On April 11,1994, Standard filed the third-party action against Precision, alleging that Precision was contractually liable to indemnify Standard in an amount equal to any percentage of liability that a fact-finder may attribute to Precision. Standard, in relevant part, averred:

8. Defendant [Standard], while expressly denying each and every of the allegations contained in Plaintiffs’ Complaint, hereby incorporates by reference Plaintiffs’ Complaint in this matter and avers that if any or all of the averments contained thereto are proven true, that Plaintiffs have suffered any injuries as alleged, then by virtue of [the contract] Precision Air, Inc. is required to indemnify [Standard] for any percent of liability for which Precision Air, Inc. may be found *406 responsible in this action, and is further required to hold harmless [Standard] from and against all claims, damages, losses and expenses on the course of action declared upon by Plaintiffs including but not limited to attorneys’ fees, in a percent equal to Precision Air, Inc.’s liability.
WHEREFORE, Defendant [Standard] alleges that Third-Party Defendant Precision Air, Inc. is solely liable to Plaintiffs, jointly and severally with and/or liable over to [Standard] for indemnification and/or contribution on the cause of action declared by Plaintiffs and thereby demands judgment accordingly.

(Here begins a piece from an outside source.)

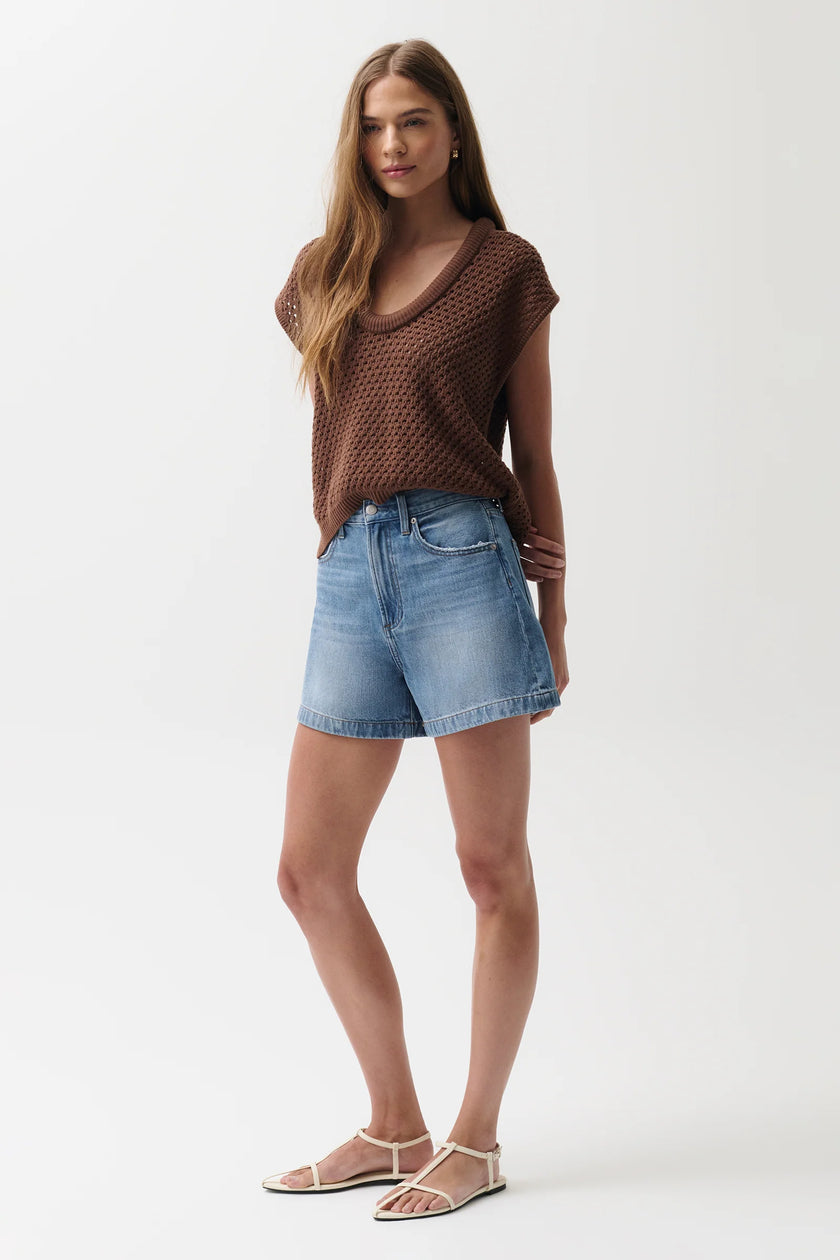 SAIGE HIGH RISE A LINE SHORT IN SAIL AWAY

Precision filed a motion to dismiss the third-party complaint, arguing that Section 2304 prohibited direct or indirect suits against it for its negligence and that the Indemnification Clause thus was not valid. On July 12, 1994, the Superior Court, after hearing oral argument, denied Precision’s motion. That ruling is the subject of this interlocutory appeal.

II. STANDARD OF REVIEW

We review de novo a ruling by the Superior Court denying a motion to dismiss. See State v. Cephas, Del.Supr., 637 A.2d 20, 23 (1994). Accepting as true all well-pleaded allegations in a complaint, the trial court’s denial of the motion is erroneous only if a “plaintiff would not be entitled to recover under any reasonably conceivable set of circumstances susceptible of proof.” Kofron v. Amoco Chems. Corp., Del.Supr., 441 A.2d 226, 227 (1982); accord Spence v. Funk, Del.Supr., 896 A.2d 967, 968 (1978); Diamond State Tel. Co. v. University of Del., Del.Supr., 269 A.2d 52, 58 (1970). An allegation, though vague or lacking in detail, is nevertheless “well-pleaded” if it puts the opposing party on notice of the claim being brought against it. 269 A.2d at 58; see Super.Civ.R. 8(e)(1) & (f). Here, because Standard’s third-party complaint incorporates by reference the allegations in Plaintiffs’ complaint, we accept as true for purposes of this appeal the well-pleaded allegations in both the underlying complaint and the third-party complaint.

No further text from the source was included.